Following my checkin, I was guided to my room and the lady kindly showed me the location of the private baths as well as the public bath areas. The room was great, and also came with a beautiful view overlooking the sea.
It wasn’t long before it was bath time! I slipped into my yukata and headed up the hallway to the private baths. It all felt very luxurious having a bathroom and change area to myself, but my biggest “wow” came when I opened the door to the outside and saw my private “tub” and shower area with a breathtaking view overlooking the sea. As I took it all in, I was again reminded that taking a bath in Japan is not just “taking a bath”! It is about the whole 6 sensory experience – the sight and sound of the ocean, the fresh cool air with a hint of salt, the heavenly warmth of the water as I sunk into the tub, and the joy of my spirit as I let out an “ahhhh” with a huge smile on my face!
The sunset timing could not have been more perfect. As a result, this bath will go down as my best sunset onsen experiences to date.
The only slight drawback was that technically the private baths with the sea views are only regular hot water, rather than genuine hot spring water which is offered in the public bath.
After dinner I tried out the public bath area to soak in the minerals. The water was good, but the facilities were quite old. Regardless though, I slept very well that night!
Another day of adventure
The next morning, I skipped the public bath as I was lucky enough to get a reservation for a bath experience in the second private bath. Again, it was a very special experience, this time overlooking the blue sea in the early morning light.
After breakfast I then headed off for a walk down the hill and along the beach toward Mihama Peninsula.

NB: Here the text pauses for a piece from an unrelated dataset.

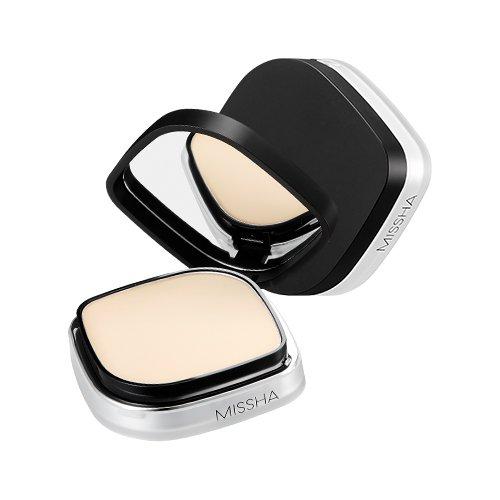 

MISSHA SIGNATURE DRAMATIC PACT Песочный Средний [Обновление] ДВУХСТОРОННИЙ (№23 Бежевый) [Элемент]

I was looking forward to the magnificent views of Mt Fuji that the town is known for but unfortunately on the day it was not to be. Regardless, I enjoyed the wander around the quiet village learning about the ship building history and the spider crabs that the town is renowned for.
Upon returning from my walk, I checked out and inquired about how I could further explore the western coast of the Izu Peninsula. As the area is quite remote, it turned out that the best option was by car, but luckily I was able to catch one of the few local buses that took me down to Toi, another onsen town approximately 30 minutes south of Heda.

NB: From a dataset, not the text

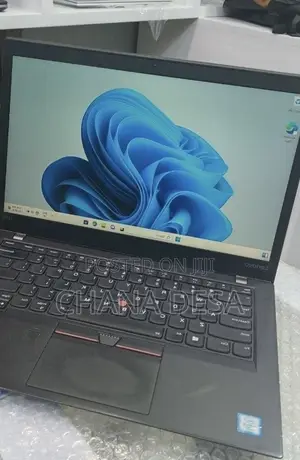 New Laptop Lenovo ThinkPad T470s 8GB Intel Core i5 SSD 256GB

The trip down the coast was really beautiful as the bus meandered along the winding coastal roads through the hills and rural landscape. Again though, I wished I had a hire car as it would have given me much more flexibility to stop and take pictures.
Unfortunately, I did not have much time to explore the famous Toi gold mine or the local onsens. I was however lucky enough to enjoy the beautiful Toi sakura. Toi is blessed with many varieties of sakura, including one of the earliest blooming cherry blossoms in Japan which flowers from the end of January to early February.
All too soon, it was time to hop on another local bus from Toi back to Shuzenji and then take the train home to Tokyo. I definitely loved exploring the western coast of Izu Peninsula and will certainly return again one day, most likely with a car to savour the experience just that little bit more!
From Tokyo, take the Kodama Shinkansen to Mishima (53 minutes) and transfer to the local Sunzu line to Shuzenji (37 minutes). From Shuzenji station transfer to the local bus service bound for Heda (approximately 50 minutes)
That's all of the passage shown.